* _Activity_
Would you transcribe the whole listing exactly and drop its images?
(Data extract begins)
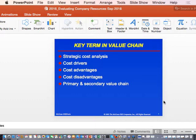Here are some key terms you should know for this course. From your reading, the key terms include: strategic cost analysis, cost drivers, cost advantages, cost disadvantages, and the primary and secondary value chain. These are the key terms in value chain analysis.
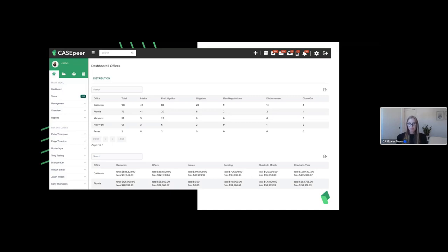A new feature coming out for this is the ability to assign templates — automated letter generation by office or team. So if you're in different states where workers' comp information or letterhead differs, you can set it up so the right templates are generating for the right offices and teams, really setting the standard for how we look at permissions.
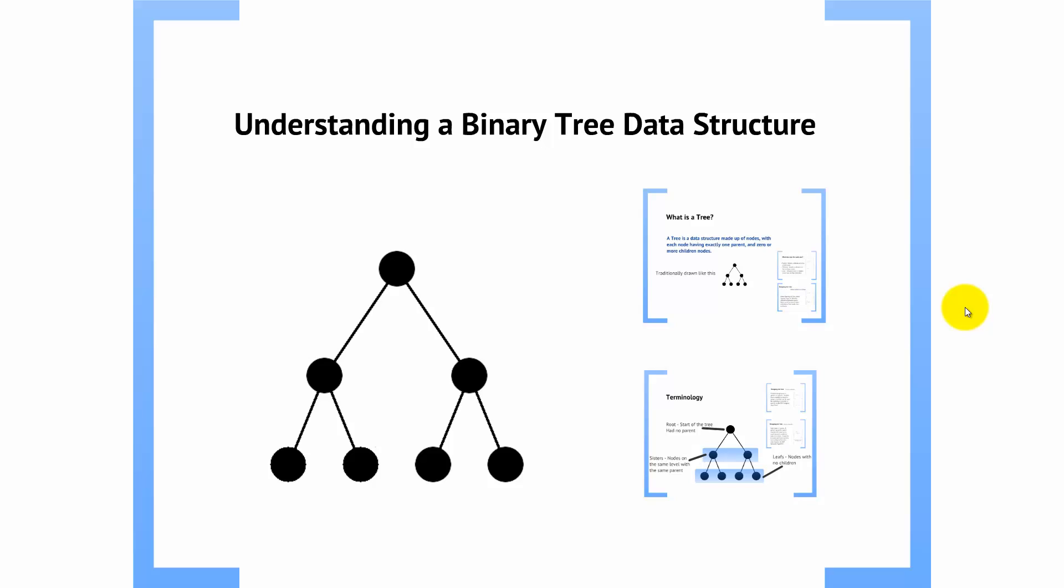In this video, we're going to take a look at trees in general, and specifically a binary tree, because we're going to need this data structure to handle the BSP splitting algorithm.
(Data extract ends)
* _Answer box_
Here are some key terms you should know for this course. From your reading, the key terms include: strategic cost analysis, cost drivers, cost advantages, cost disadvantages, and the primary and secondary value chain. These are the key terms in value chain analysis.
A new feature coming out for this is the ability to assign templates — automated letter generation by office or team. So if you're in different states where workers' comp information or letterhead differs, you can set it up so the right templates are generating for the right offices and teams, really setting the standard for how we look at permissions.
In this video, we're going to take a look at trees in general, and specifically a binary tree, because we're going to need this data structure to handle the BSP splitting algorithm.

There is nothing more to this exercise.